## WHAT IS BEING ASKED
Within the records below, find the line with "Abstract Cubes Blue" and the line with "Winnipeg Jets Dog", then reproduce exactly those two lines and all lines between them, without any picture.

## GIVEN RECORDS
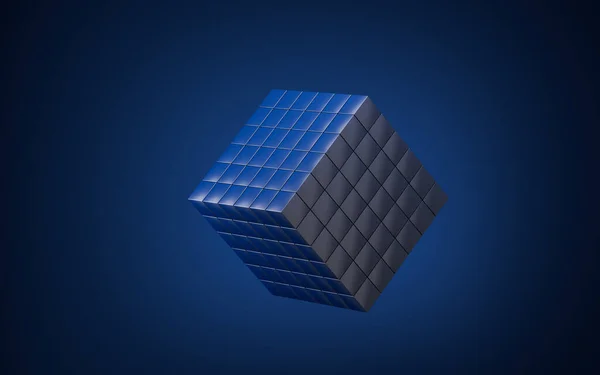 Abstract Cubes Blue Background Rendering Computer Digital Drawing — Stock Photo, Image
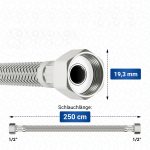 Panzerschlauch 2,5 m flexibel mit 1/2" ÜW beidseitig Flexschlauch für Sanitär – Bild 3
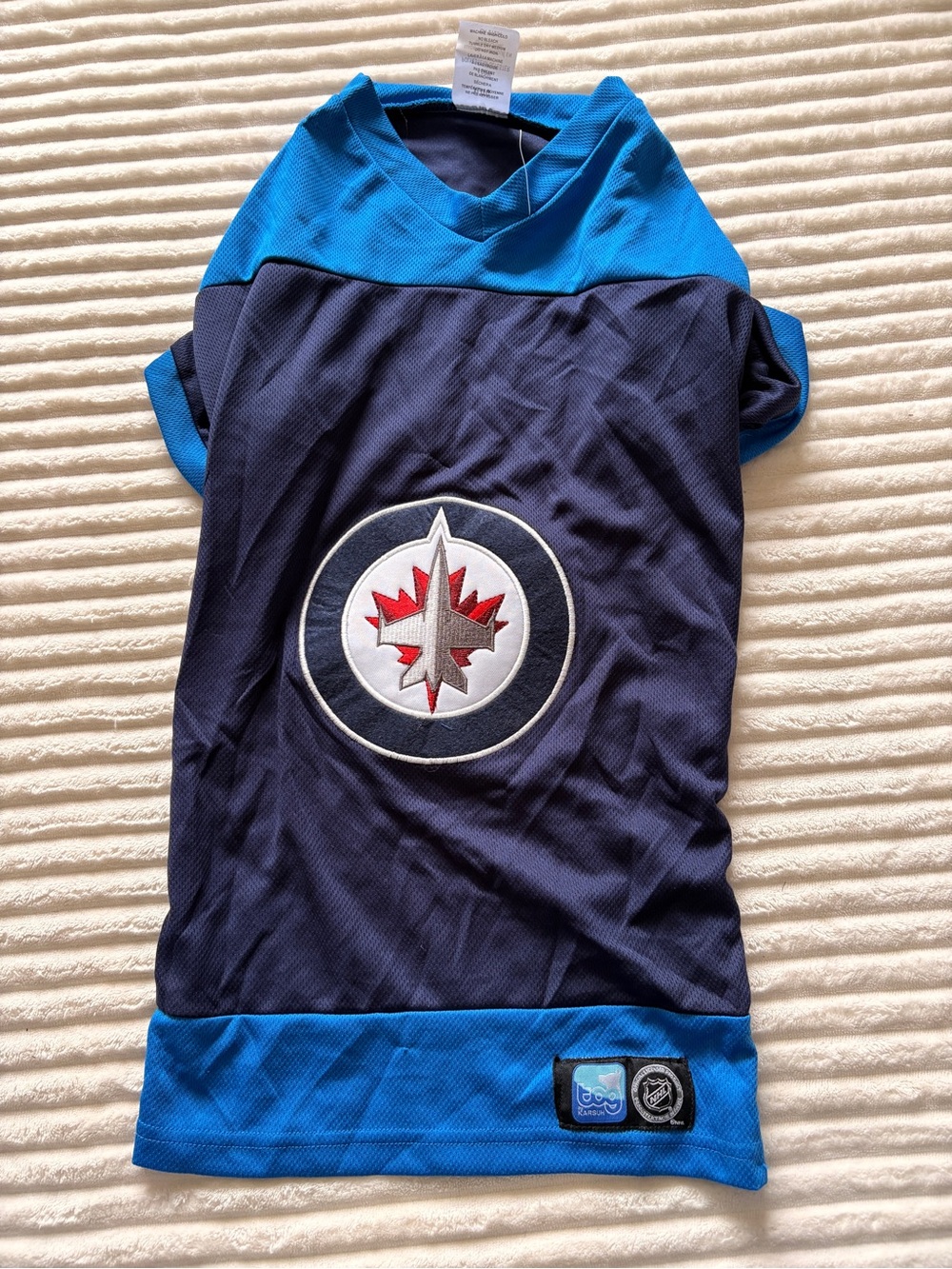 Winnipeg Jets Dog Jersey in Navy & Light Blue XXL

---

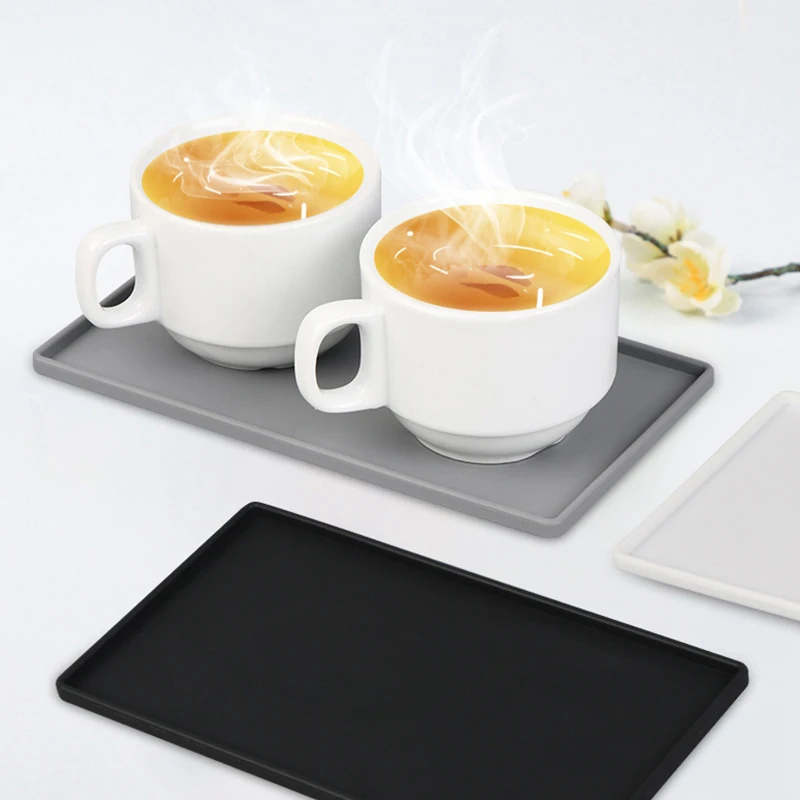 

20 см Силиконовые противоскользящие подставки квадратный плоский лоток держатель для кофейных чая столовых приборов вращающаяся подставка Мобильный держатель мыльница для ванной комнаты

...

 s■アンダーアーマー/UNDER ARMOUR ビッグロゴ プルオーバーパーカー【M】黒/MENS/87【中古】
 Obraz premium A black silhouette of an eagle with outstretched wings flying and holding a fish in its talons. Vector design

## WRITTEN SOLUTION
 Abstract Cubes Blue Background Rendering Computer Digital Drawing — Stock Photo, Image
 Panzerschlauch 2,5 m flexibel mit 1/2" ÜW beidseitig Flexschlauch für Sanitär – Bild 3
 Winnipeg Jets Dog Jersey in Navy & Light Blue XXL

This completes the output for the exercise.